• _WORK INSTRUCTION_: Print only what runs from the line that includes "Aerial of the" to the end of the listing, word for word, and do not include any pictures.
= Beginning of Section =
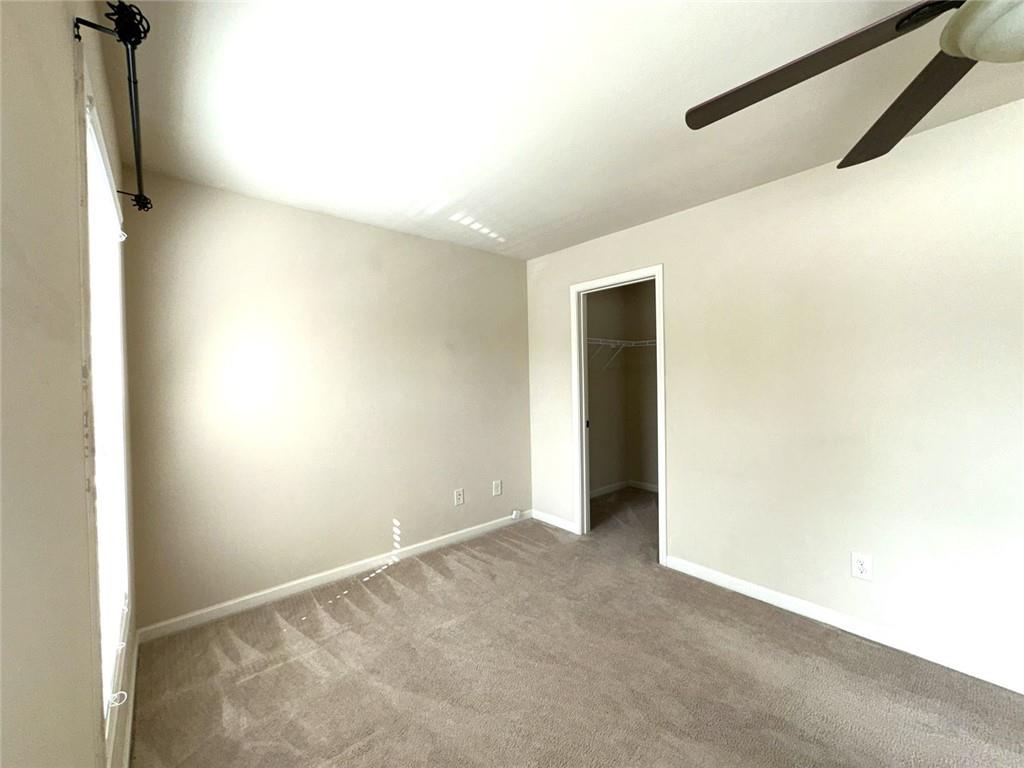 1365 Delo Lane Cumming, GA 30041 - Photo 37 of 43 a view of an empty room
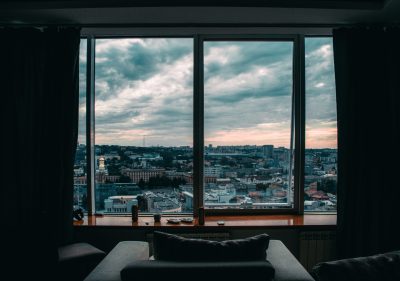 This is a large window framed by curtains. There is a chair in front of the window. Sitting in it, you can enjoy a beautiful view of the city.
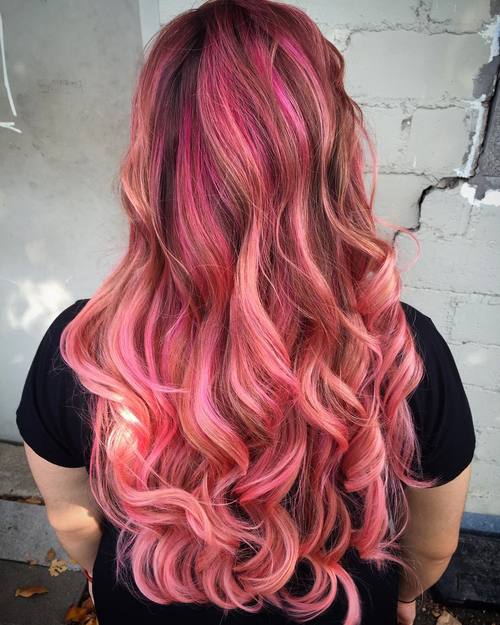 long brown hair with pink balayage highlights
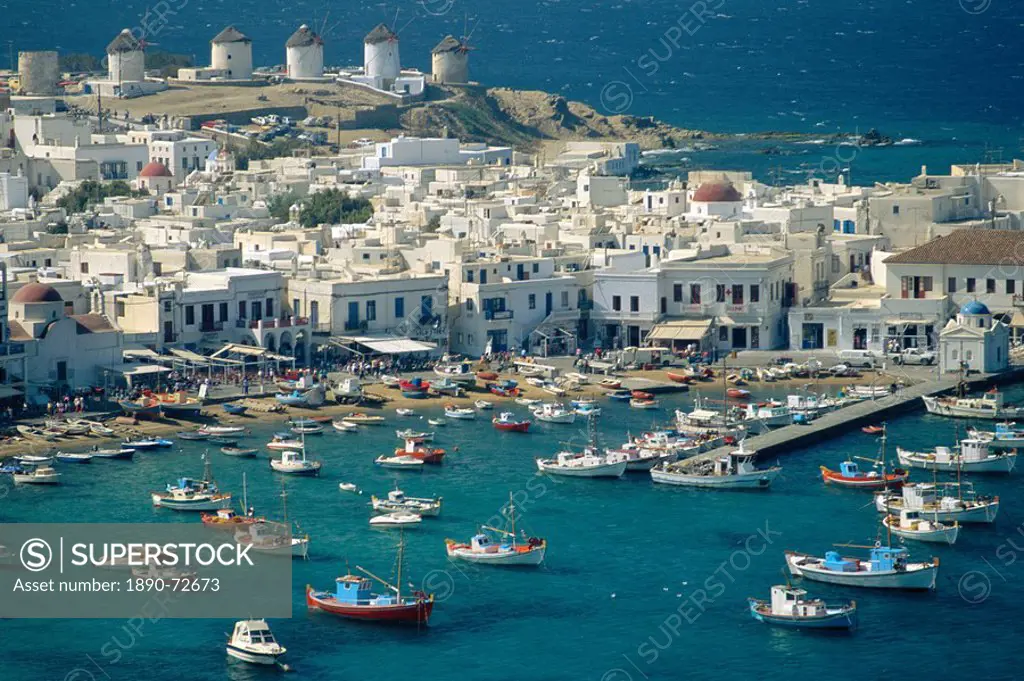 Aerial of the harbour and Mykonos town with windmills in the background, Mykonos, Cyclades Islands, Greece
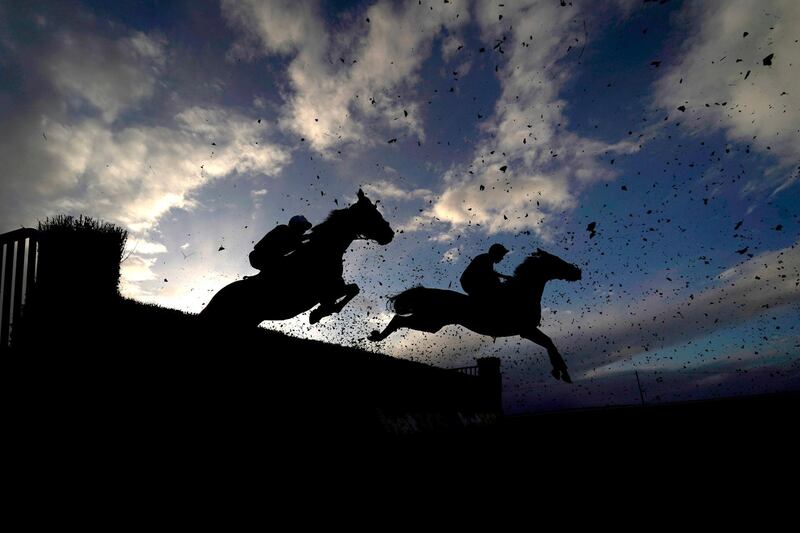 Runners and Riders clear a fence during the Newton King Estate Agents Handicap Chase at Taunton Racecourse on Wednesday, October 28. PA
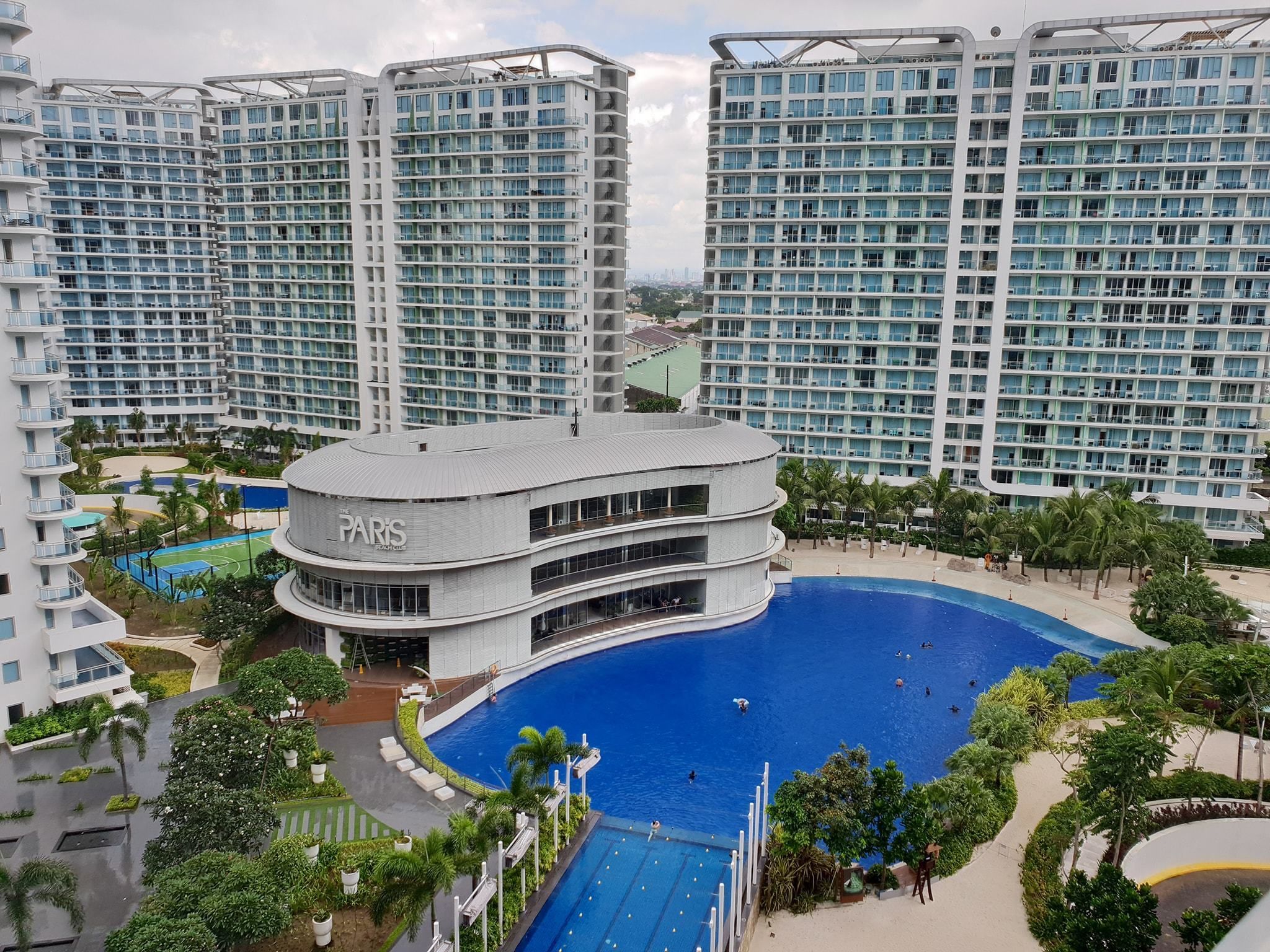 A high-rise hotel with multiple balconies, a central pool, and surrounding greenery.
= End of Section =
• _EXERCISE SOLUTION_:
 Aerial of the harbour and Mykonos town with windmills in the background, Mykonos, Cyclades Islands, Greece
 Runners and Riders clear a fence during the Newton King Estate Agents Handicap Chase at Taunton Racecourse on Wednesday, October 28. PA
 A high-rise hotel with multiple balconies, a central pool, and surrounding greenery.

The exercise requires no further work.